Google Opts To Enhance Mobile Device Security

Security threats on Android mobile devices are unfortunately nothing new, but Google is now taking steps to ease concerns over the security of its Nexus phones and tablets.

Security threats on Android mobile devices are unfortunately nothing new, but Google is now taking steps to ease concerns over the security of its Nexus phones and tablets.

The company announced plans to push out monthly platform and security updates to Nexus mobile devices. This will come in addition to any normally scheduled platform updates.

The first update in the new security initiative took place on Wednesday (Aug. 5) and was rolled out on all Nexus 4, Nexus 5, Nexus 6, Nexus 7, Nexus 9, Nexus 10 and Nexus Player devices.

This particular security update contained fixes for vulnerabilities stemming from Stagefright, a media playback tool for Android that allows remote code execution to infiltrate the device and steal data using the permissions. As many as 950 million Android phones were found susceptible to data theft after the six critical vulnerabilities were exposed.

The threat was discovered last week by mobile security expert Joshua Drake, who explained that the data theft attack, which can be initiated by a multimedia message sent to an Android phone, is so crippling Android users would have a sparse chance of shielding themselves against the attack.

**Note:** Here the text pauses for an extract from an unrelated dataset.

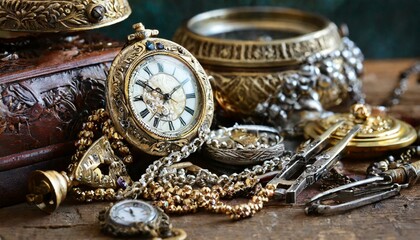 antique pocket watch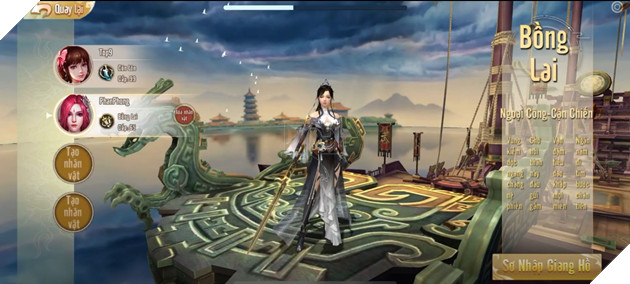 Giải mã kỹ năng tuyệt đỉnh của Bồng Lai phái trong Tân Thiên Long Mobile VNG 4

Once the device has been hooked, the hacker could walk away with audio-video files, pictures stored on SD cards and even remotely control the device’s Bluetooth.

“Nexus devices will continue to receive major updates for at least two years and security patches for the longer of three years from initial availability or 18 months from last sale of the device via the Google Store,” Adrian Ludwig, Lead Engineer for Android Security, and Venkat Rapaka, Director of Nexus Product Management, said in a post on the Android Official Blog.

“Security continues to be a top priority and monthly device updates are yet another tool to make and keep Android users safe,” they concluded.

It seems this is not the only step Google is taking to combat Android devices being looked upon as less secure than those from Apple and BlackBerry.

The company recently announced a partnership with privacy-centric phone maker Silent Circle to help combat the growing need for companies to protect their data beyond the conventional work devices.

The partnership between the two companies aims at monetizing this fast-emerging problem with a new version of Silent Circle’s Blackphone. While the existing versions of which are capable of encrypting calls, text and data, the new version would come loaded with Google’s Android for Work software that compartmentalizes personal and professional use and lets corporate users access productivity apps like Calendar, Docs, Sheets and Gmail, among others, The Wall Street Journal reported.